If you are undocumented in the United States, you should consult with a qualified immigration attorney before applying for the DV lottery. There is a much greater risk for undocumented people to apply now that information is gathered electronically than there was in the past when the lottery was done through paper submissions. The Department of State has said that they will use this information as part of its fight against terrorism, though it is not clear whether the information will be used against undocumented immigrants.

It is important to note that the Department of State will only accept applications that are electronically filed at http://www.dvlottery.state.gov along with digital photographs. Applicants are strongly encouraged not to wait until the last week of the registration period to enter. There is currently no fee at the time the electronic application is filled out. Please check the Department of State website for any updates to the fee and other requirements. Please also note that the U.S. Government employs no outside consultants or private services to operate the DV program.

For the current DV lottery (DV-2021), online registration ran from 12:00 pm (noon), Eastern Daylight Time (GMT-4), Wednesday, October 2, 2019 until 12:00 pm (noon), Eastern Standard Time (GMT-5), Tuesday November 5, 2019. If you entered before Wednesday, October 2, 2019, that entry will not be considered, and you will need to submit another entry during the new registration period. Each person may only submit one entry during each registration period.  Individuals who submit more than one entry during a registration period will be disqualified.

Applications must be submitted online at www.dvlottery.state.gov. English instructions for the 2021 lottery are here. There are several translations available here.

The decision to hire a representative, pay a fee, or use an online service to file for the DV lottery should be taken only after thinking through the options. Note however, that most websites or services that offer to help applicants fill out their DV lottery application are not reputable and are not necessary. The online DV lottery application is very simple, and requires no fee. However, there are some reputable non-profit organizations who assist people who would not otherwise have access to computers to file their applications.
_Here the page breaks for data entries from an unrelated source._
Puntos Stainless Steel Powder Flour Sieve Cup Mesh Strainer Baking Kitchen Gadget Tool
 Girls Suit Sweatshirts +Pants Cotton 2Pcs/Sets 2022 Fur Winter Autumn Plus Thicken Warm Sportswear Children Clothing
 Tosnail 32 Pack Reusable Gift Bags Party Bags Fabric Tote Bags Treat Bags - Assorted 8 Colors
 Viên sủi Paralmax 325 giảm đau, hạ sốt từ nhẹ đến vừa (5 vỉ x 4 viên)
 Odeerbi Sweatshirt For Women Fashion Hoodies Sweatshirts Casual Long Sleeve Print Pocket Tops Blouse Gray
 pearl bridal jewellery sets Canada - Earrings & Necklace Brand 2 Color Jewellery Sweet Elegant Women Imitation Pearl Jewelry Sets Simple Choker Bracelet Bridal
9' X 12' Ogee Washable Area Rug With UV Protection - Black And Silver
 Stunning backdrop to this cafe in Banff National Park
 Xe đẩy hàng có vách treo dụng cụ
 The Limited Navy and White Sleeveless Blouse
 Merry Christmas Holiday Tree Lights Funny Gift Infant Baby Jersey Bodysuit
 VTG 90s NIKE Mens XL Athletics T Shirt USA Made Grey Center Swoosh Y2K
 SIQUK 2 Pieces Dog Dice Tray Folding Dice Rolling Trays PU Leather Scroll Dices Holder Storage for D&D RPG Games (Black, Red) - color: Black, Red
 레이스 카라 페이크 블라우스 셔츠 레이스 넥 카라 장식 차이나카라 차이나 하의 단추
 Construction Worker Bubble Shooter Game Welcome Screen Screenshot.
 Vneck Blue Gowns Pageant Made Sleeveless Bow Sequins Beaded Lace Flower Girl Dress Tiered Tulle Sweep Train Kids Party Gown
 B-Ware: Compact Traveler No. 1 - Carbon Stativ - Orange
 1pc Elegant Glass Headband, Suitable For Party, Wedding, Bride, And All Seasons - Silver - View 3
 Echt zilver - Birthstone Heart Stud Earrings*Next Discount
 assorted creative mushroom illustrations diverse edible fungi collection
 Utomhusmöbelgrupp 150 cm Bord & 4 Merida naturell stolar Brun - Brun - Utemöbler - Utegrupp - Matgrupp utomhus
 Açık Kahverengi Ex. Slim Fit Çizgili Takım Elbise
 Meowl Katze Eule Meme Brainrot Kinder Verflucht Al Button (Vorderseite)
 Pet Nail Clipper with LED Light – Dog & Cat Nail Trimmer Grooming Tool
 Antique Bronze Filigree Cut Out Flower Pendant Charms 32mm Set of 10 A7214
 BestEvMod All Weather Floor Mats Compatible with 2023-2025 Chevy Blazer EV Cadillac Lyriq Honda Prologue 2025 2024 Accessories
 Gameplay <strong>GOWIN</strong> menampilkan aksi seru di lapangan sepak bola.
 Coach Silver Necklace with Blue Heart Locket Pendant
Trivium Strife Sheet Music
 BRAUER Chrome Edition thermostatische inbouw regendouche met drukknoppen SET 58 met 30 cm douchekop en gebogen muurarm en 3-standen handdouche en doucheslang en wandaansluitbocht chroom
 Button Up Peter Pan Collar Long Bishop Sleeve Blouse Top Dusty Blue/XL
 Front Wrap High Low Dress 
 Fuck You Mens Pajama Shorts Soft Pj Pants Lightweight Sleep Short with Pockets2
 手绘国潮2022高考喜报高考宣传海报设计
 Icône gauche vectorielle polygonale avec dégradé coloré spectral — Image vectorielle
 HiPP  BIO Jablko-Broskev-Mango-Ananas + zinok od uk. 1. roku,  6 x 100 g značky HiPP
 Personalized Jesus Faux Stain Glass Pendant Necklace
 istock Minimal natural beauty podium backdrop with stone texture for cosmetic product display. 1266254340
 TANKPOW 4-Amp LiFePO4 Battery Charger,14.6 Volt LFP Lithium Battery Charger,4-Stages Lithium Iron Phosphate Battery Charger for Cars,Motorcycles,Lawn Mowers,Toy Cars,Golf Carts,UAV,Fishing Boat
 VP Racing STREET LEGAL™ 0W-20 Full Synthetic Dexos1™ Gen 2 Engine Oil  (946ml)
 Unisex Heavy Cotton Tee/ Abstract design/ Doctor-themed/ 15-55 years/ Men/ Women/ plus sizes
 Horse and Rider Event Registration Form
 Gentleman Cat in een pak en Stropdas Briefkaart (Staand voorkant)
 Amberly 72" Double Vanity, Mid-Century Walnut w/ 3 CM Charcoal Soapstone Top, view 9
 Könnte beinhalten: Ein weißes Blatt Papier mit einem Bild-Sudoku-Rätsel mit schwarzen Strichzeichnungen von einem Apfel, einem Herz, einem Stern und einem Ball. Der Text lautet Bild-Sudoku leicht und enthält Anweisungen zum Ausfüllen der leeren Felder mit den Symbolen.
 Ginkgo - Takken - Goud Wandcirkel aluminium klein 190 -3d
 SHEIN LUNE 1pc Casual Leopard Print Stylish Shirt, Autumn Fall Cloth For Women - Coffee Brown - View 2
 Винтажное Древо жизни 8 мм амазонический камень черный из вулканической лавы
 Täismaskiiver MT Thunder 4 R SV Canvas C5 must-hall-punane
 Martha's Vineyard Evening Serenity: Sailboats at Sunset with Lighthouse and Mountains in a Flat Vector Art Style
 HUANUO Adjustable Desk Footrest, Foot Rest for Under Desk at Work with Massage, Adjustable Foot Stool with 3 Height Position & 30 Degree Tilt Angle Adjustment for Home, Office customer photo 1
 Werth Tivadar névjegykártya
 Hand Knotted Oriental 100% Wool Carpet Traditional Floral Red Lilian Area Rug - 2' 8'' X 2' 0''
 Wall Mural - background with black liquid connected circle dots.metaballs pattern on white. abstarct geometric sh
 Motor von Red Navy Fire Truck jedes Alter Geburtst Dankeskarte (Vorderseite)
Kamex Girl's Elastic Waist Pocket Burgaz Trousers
These services should be free or very low cost.

You can find more information on the DV lottery application process at the Department of State website.

After the close of the registration period, a government computer will select at random individuals from among all qualified entries. Starting on May 5, 2020, you should be able to check the status of your entry by going to www.dvlottery.state.gov, clicking on Entrant Status Check and entering the confirmation number you were given when you applied. Entrant Status Check will be available on the E-DV website  through at least September 30, 2021. If you are selected in the DV 2021 program you are entitled to apply for a diversity visa. However, you may only do so during U.S. government fiscal year 2021, which is from October 1, 2020 through September 30, 2021. All selected and eligible applicants must obtain their visas or adjust status by September 30, 2021. The Department of State will not approve any visa numbers or adjustment of status for the DV-2021 program after midnight EDT on September 30, 2021, under any circumstances. It is therefore extremely important that as soon as you learn that you have been selected you act quickly to follow the requisite instructions to obtain your visa.

The information contained herein is for reference only and may not be up to date. It does not constitute legal advice. You should always consult an attorney regarding your matter.

This handbook is intended for use by pro bono attorneys and immigration attorneys working on LGBTQ/HIV asylum cases.